Translate

Wednesday, June 24, 2015

DYLANN ROOF AND THE REACTION OF THE CHURCH, CLERGY AND LAITY, TO HIM

Dylann Roof is an immature, disordered kid, a punk and a criminal. He's a 22 year old drop out from high school having repeated the 9th grade a few times before he quit.  He is a mass murderer and in justice must stand trial for his crime and pay the price. While I am opposed to the death penalty as are many in the Church, in South Carolina, Dylann may well receive it for his crimes.

But for the Catholic Church, do we see scum and a worm like creature, a wretch?  No, we are not Lutherans. We are Catholic. We see a person created in the image and likeness of God, though disfigured by Original sin and the disorders this produces in individuals and the world in general.

We see a sinner in need of salvation no matter what the State of South Carolina decides to do with him after his trial and presuming he is found guilty.

I was listening to the famous Father Jonathan Morris who often appears on FOX news and has his own call-in radio show on Mondays on Catholic Radio.

He really degraded Dylann. Fr. Jonathan sounded like a Lutheran.  But if Fr. Morris was a prison chaplain, how would he reach out to Dylann? How should the Church, meaning clergy and laity reach out to people like Dylann, especially through prison ministry? Do we push them further into the muck of their sins like putting a dog's face into his business done in the home or do we wash them clean with the grace of mercy recognizing they must still face what the state will do to them?

Shouldn't the Church use the language of compassion and outreach rather than the crude language of disordered society? Wasn't the sister of one of the victims murdered on the right track when she confronted Dylann with what his despicable crimes have done to so many and then ultimately offered him the healing words of "I forgive you"?

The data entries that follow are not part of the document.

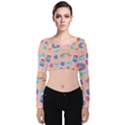 Ice Cream Donut Sweets Candie Velvet Long Sleeve Crop Top View1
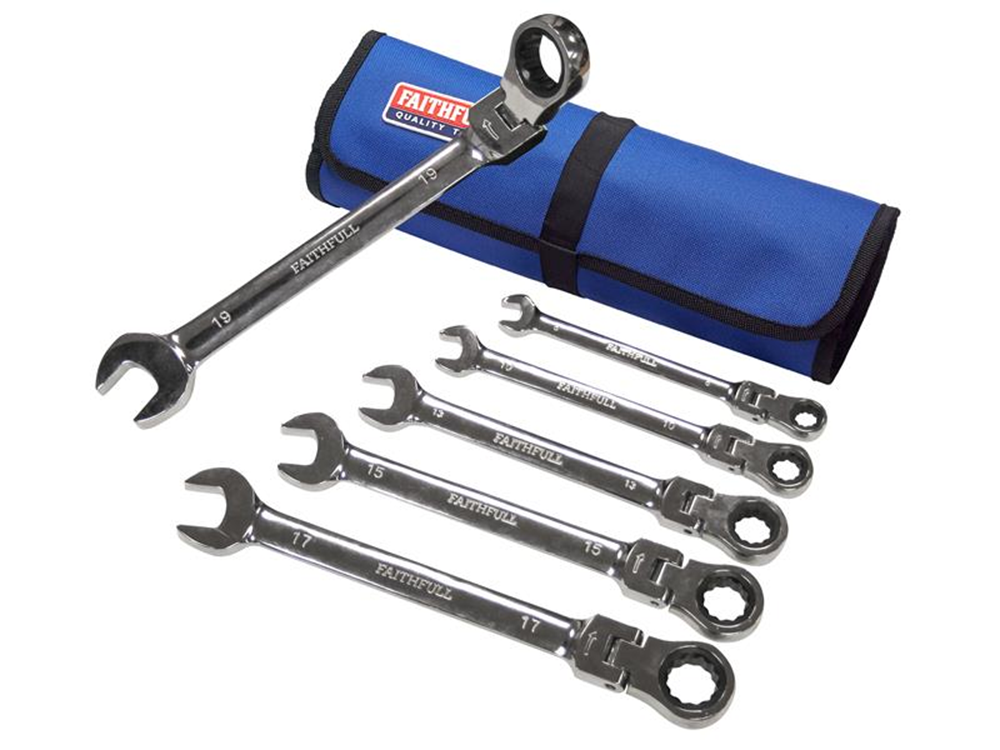 Faithfull FAISPARAT6SR Ratchet Combination Spanner Set in Tool Roll, 6 Piece |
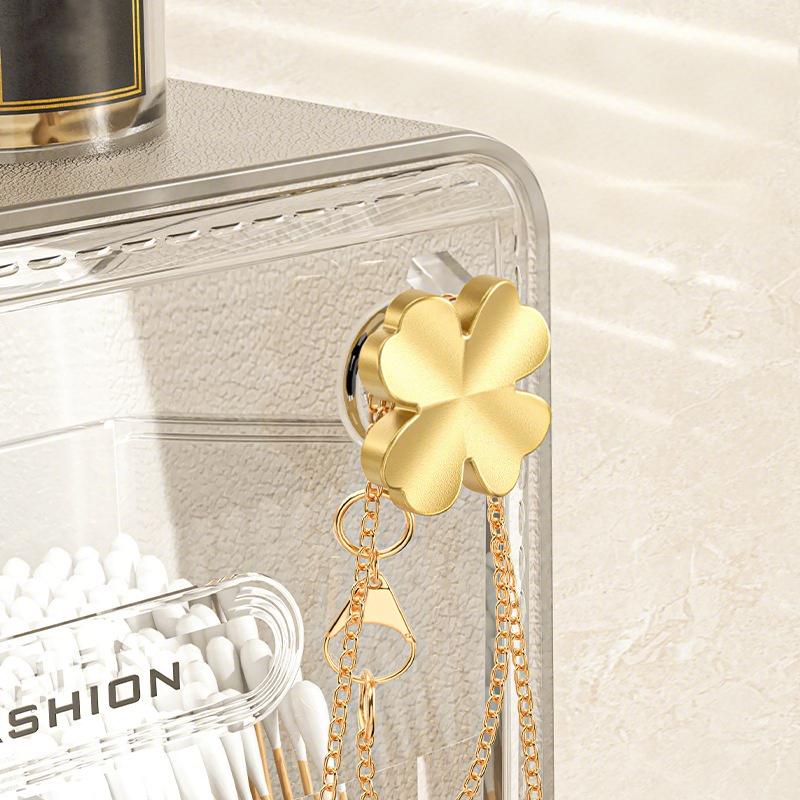 Bathroom Mirror Cabinet Storage Box Cosmetic Cotton Wall-Mounted Transparent Cotton Swab Box Lipstick Rack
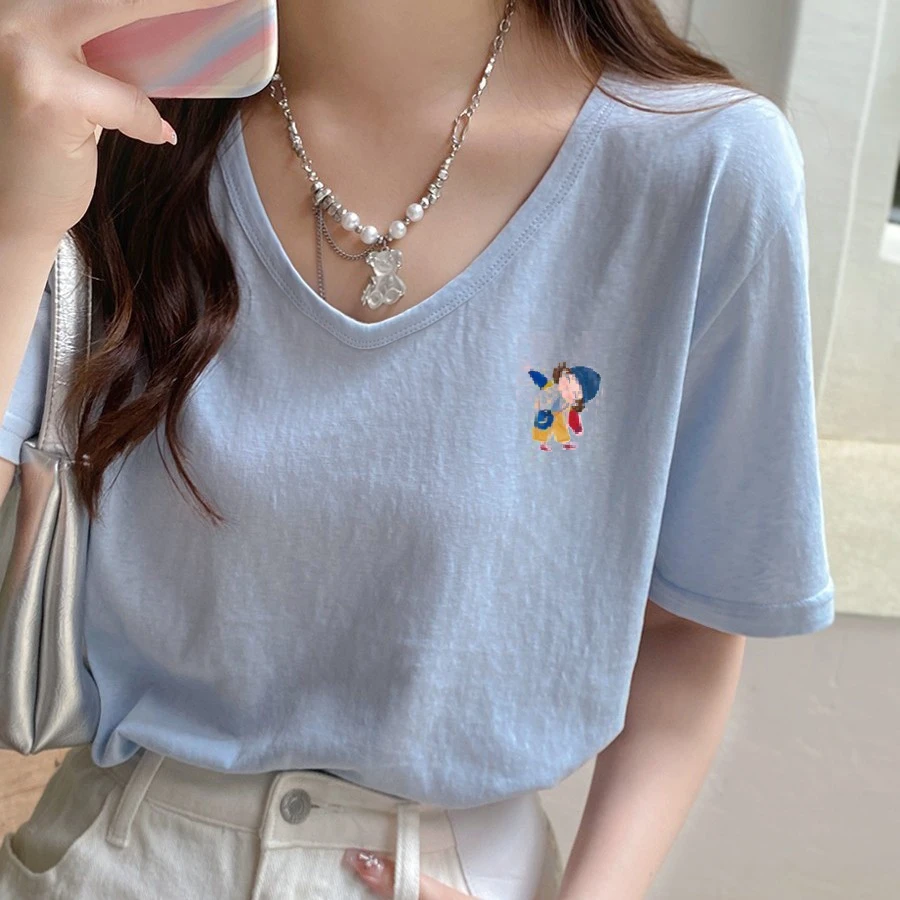 夏季雪花棉印花显瘦白色短袖t恤女2025新款大码女装v领宽松上衣女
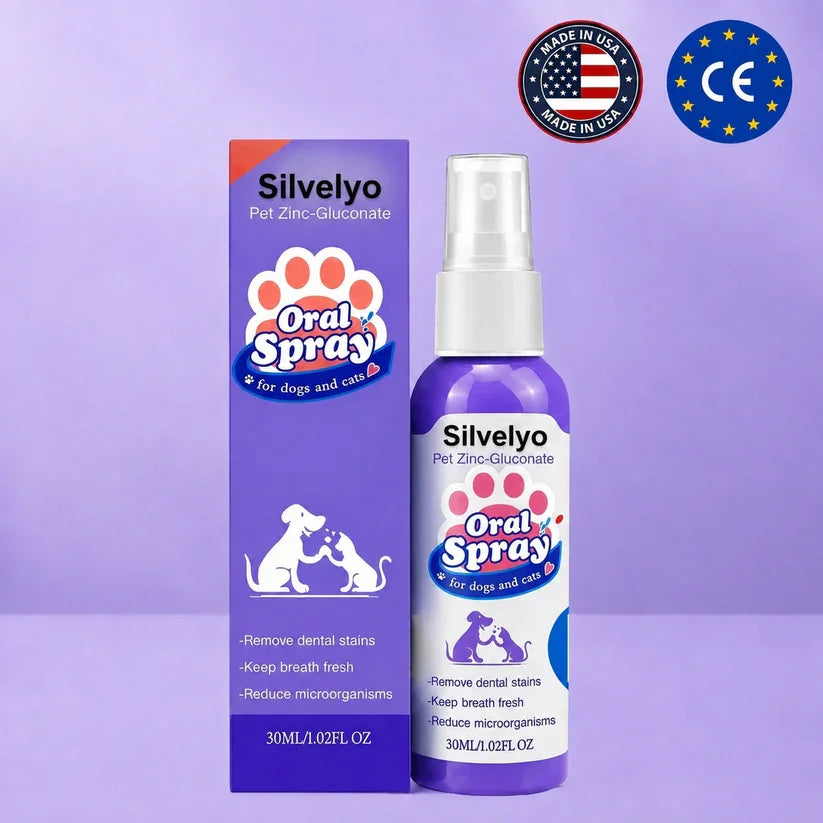 Silvelyo™ Advanced Pet Oral Spray | Fresher Breath, Plaque Biofilm & Gum Care — No Brushing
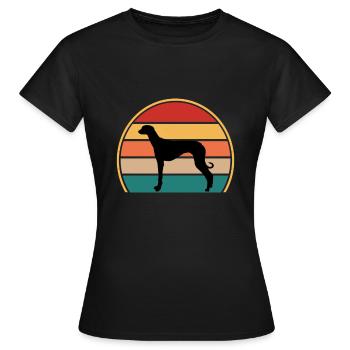 Alte kroatische Windhundhund-Silhouette Retro-Sonne - Frauen T-Shirt - Schwarz - Vorne - AI Model Female 172 dark (172cm)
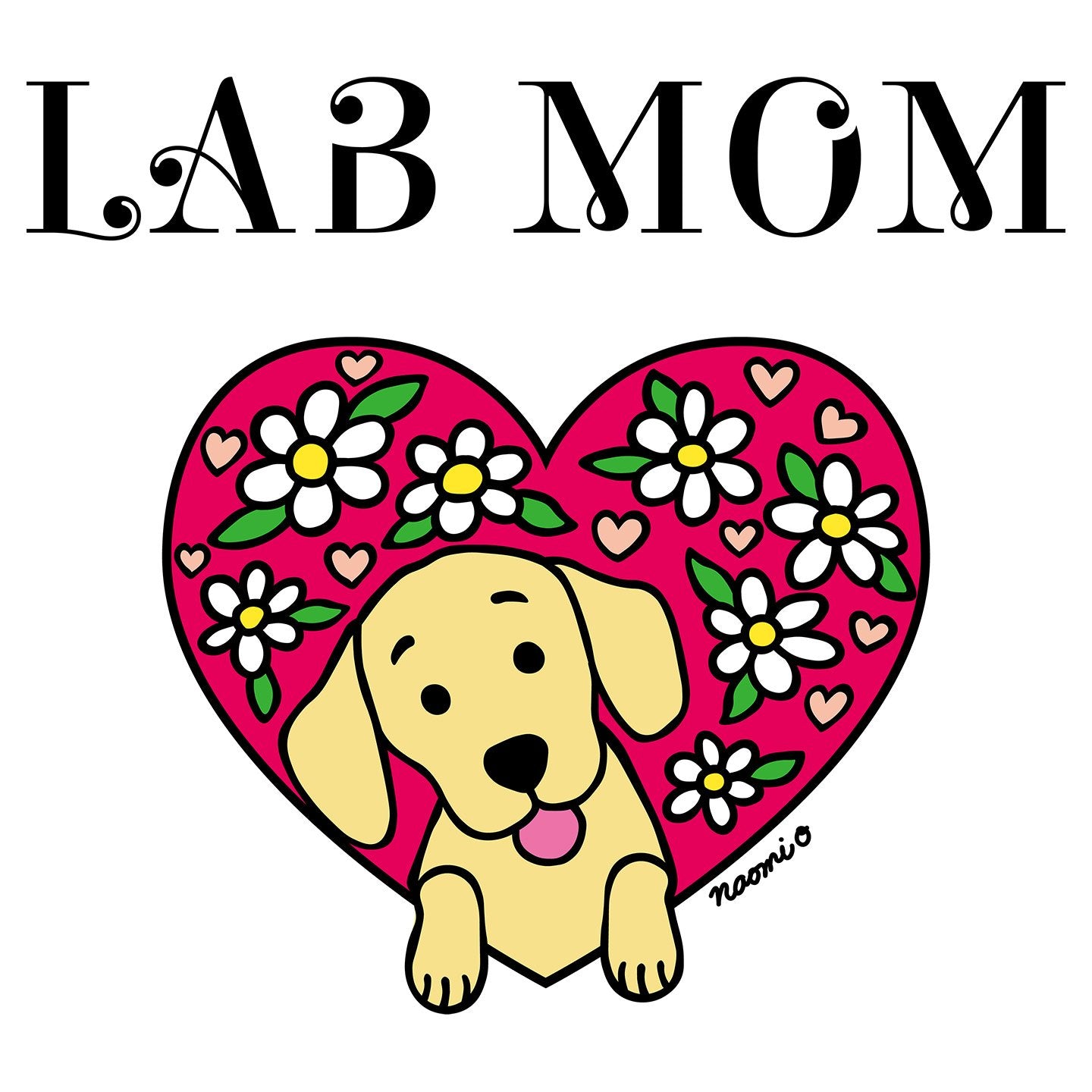 Flower Heart Yellow Lab Mom - Women's V-Neck Long Sleeve T-Shirt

Sounds to me like "love the sinner; hate the sin." Isn't that what we are called to do even in the most difficult of situations?

20 comments:

rcg said...

Our modern society makes it difficult to preempt a sin. If the boy was showing signs of violence or fascination with violent philosophies people around him may have felt inhibited to say or do anything. That is what we need to correct and what is the most dangerous doctrine being tested in modern times by our governments. We tend to conceive of thought police as telling us not to think the thoughts that drove the boy to violence rather than telling us that what others think is none of our business. The latter is more insidious and easier to manage for the controllers and is what enabled the young man to do what he did. And are the cords that are tightening on our society every day.

qwikness said...

I have heard family of victims immediately say they forgive a culprit of their actions. Immediately, almost robotically, like they know they're supposed to say that because they are Christians. But shouldn't they forgive only if asked for forgiveness? What if the culprit isn't sorry. Does he deserve forgiveness? Is the forgiveness in vain if the guilty shuns it?

Rood Screen said...

Our Black brothers and sisters feel unwanted and threatened in their own nation. Advocating for justice and peace, with them and on their behalf, should be the first priority of pastoral leaders.

As for Whites, we seem fond of publicly renouncing racism and racists, and describing how incomprehensible the whole thing is to us. Convinced that it's "not our fault", we take no steps to build a racial culture of repentance and reconciliation.

Fr. Allan J. McDonald said...

Obviously a Catholic in mortal sin does not recieve forgiveness unless he asks for it in confession.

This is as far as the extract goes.